**Exercise goal**:
The records that follow must be repeated exactly, except for their pictures.
* * * * * * *
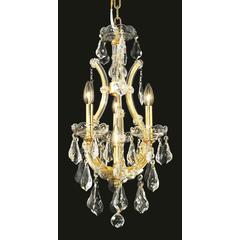 Maria Theresa 4 light Gold Chandelier Clear Royal Cut Crystal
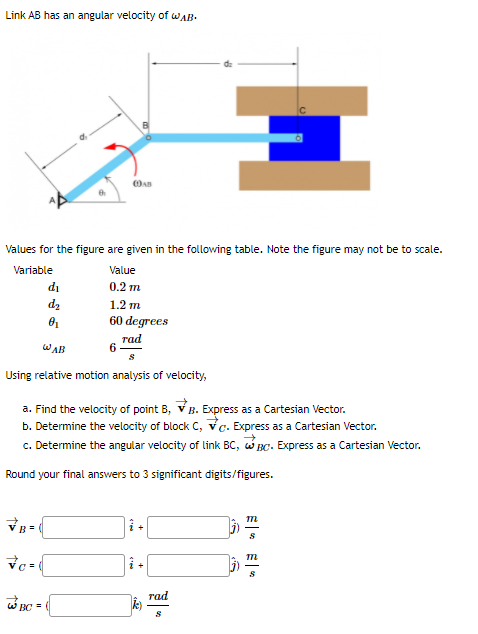 Solved Link AB Has An Angular Velocity Of WAB OAB Values Chegg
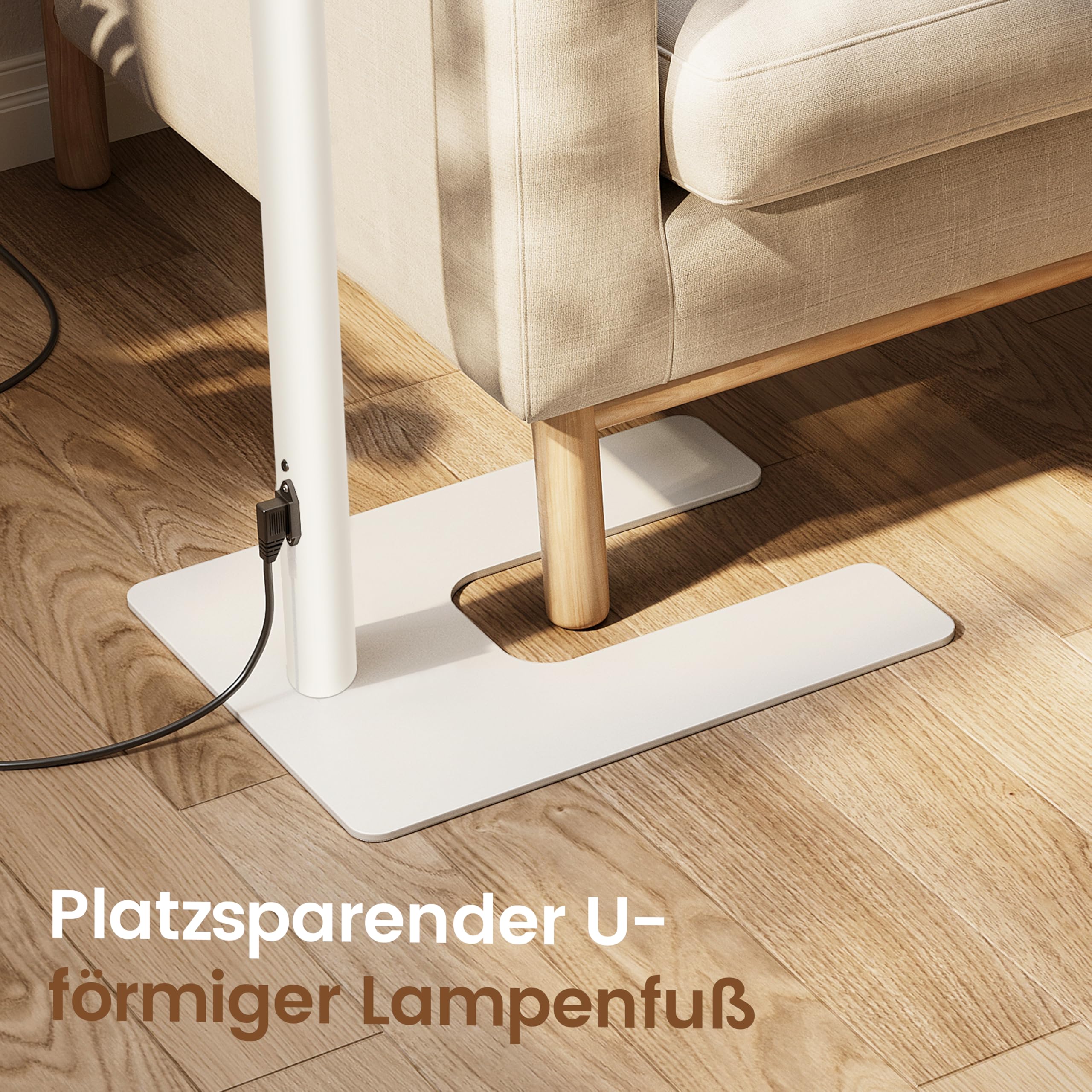 Büro Stehlampe – UGR<16, CRI>98, 7000lm, 4000K, Vollspektrum | 7000lm Tageslicht | UGR<16 blendfrei + CRI>98 | Vollspektrum 4000K | 60W+50W dimmbar | Büro, Kinderzimmer, Lesen | 198cm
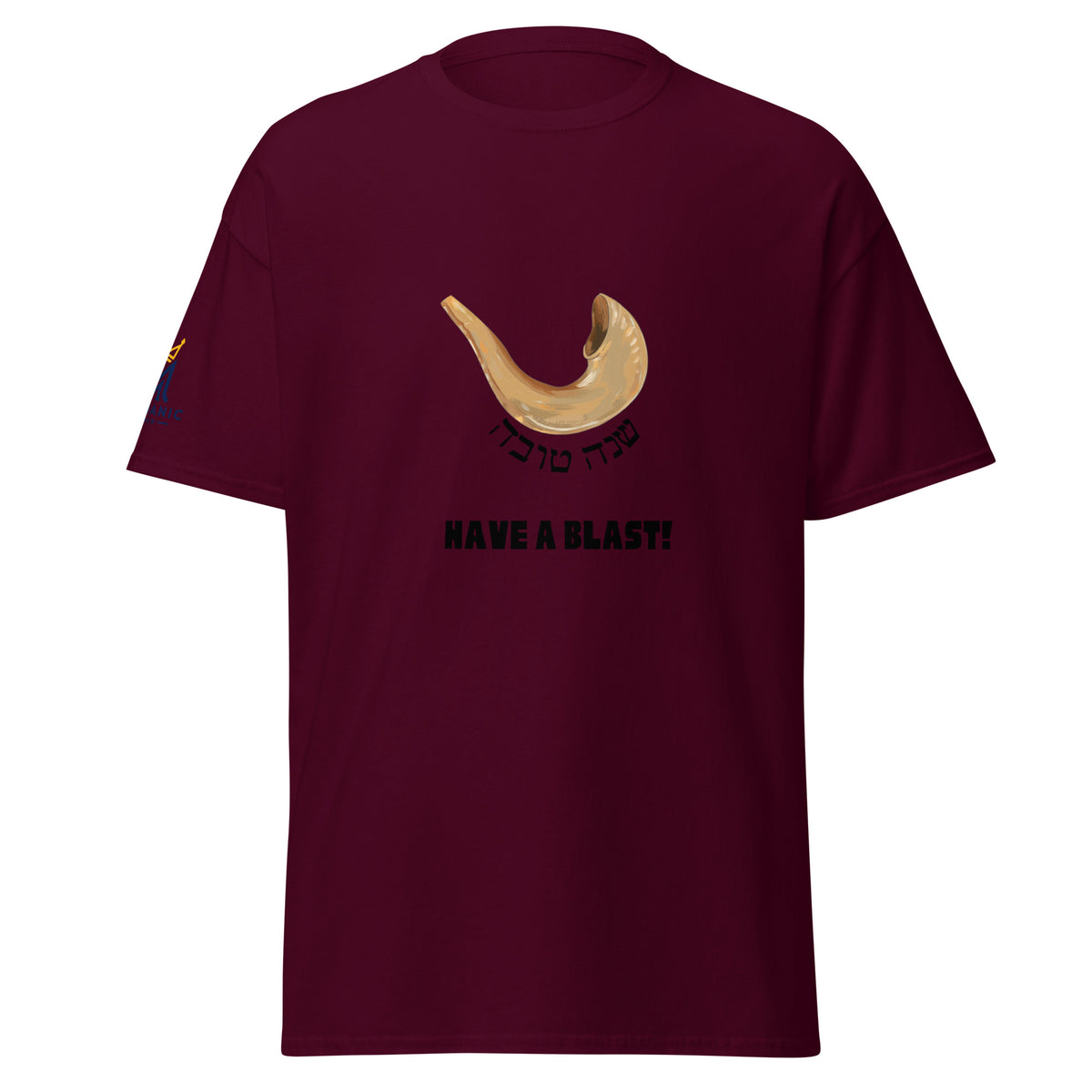 Maroon | Have a Blast Rosh Hashanah Shofar Shirt featuring shirt design with Shana Tova in Hebrew and Have a Blast text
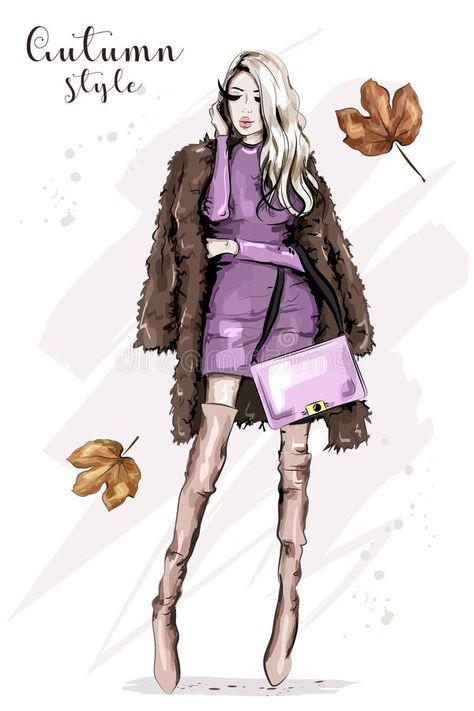 Stylish young woman in fur jacket holding bag. royalty free illustration Holding Bag Pose, Fur Jacket Outfit, Ladies Design, Girl Painting, Png Art, Drawing Bag, Fluffy Jacket, Fur Sweater, Fashion Illustration Sketches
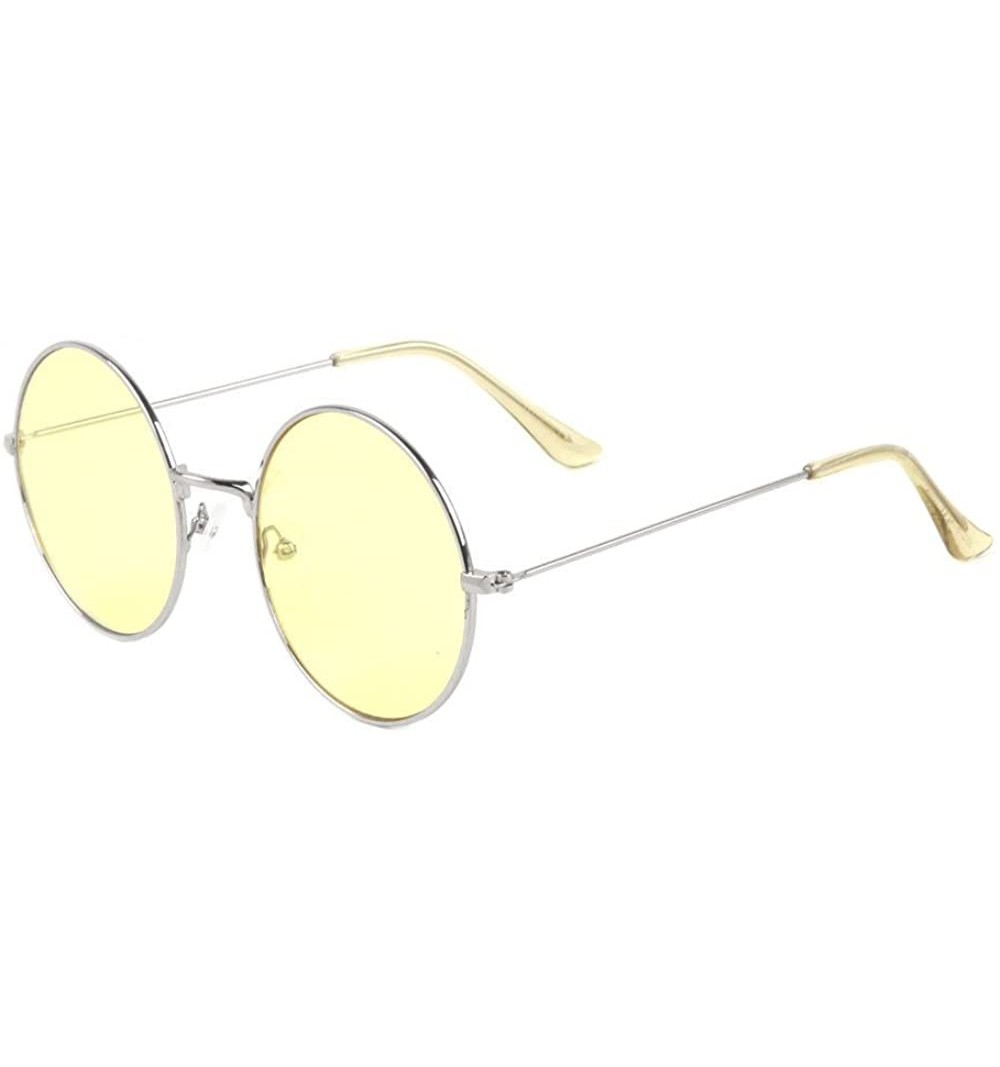 Oversized XL Round Oversized Classic Lennon Circle Lens Sunglasses - Silver Frame - C6180ZZ4MAI $11.69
* * * * * * *
**Output below**:
 Maria Theresa 4 light Gold Chandelier Clear Royal Cut Crystal
 Solved Link AB Has An Angular Velocity Of WAB OAB Values Chegg
 Büro Stehlampe – UGR<16, CRI>98, 7000lm, 4000K, Vollspektrum | 7000lm Tageslicht | UGR<16 blendfrei + CRI>98 | Vollspektrum 4000K | 60W+50W dimmbar | Büro, Kinderzimmer, Lesen | 198cm
 Maroon | Have a Blast Rosh Hashanah Shofar Shirt featuring shirt design with Shana Tova in Hebrew and Have a Blast text
 Stylish young woman in fur jacket holding bag. royalty free illustration Holding Bag Pose, Fur Jacket Outfit, Ladies Design, Girl Painting, Png Art, Drawing Bag, Fluffy Jacket, Fur Sweater, Fashion Illustration Sketches
 Oversized XL Round Oversized Classic Lennon Circle Lens Sunglasses - Silver Frame - C6180ZZ4MAI $11.69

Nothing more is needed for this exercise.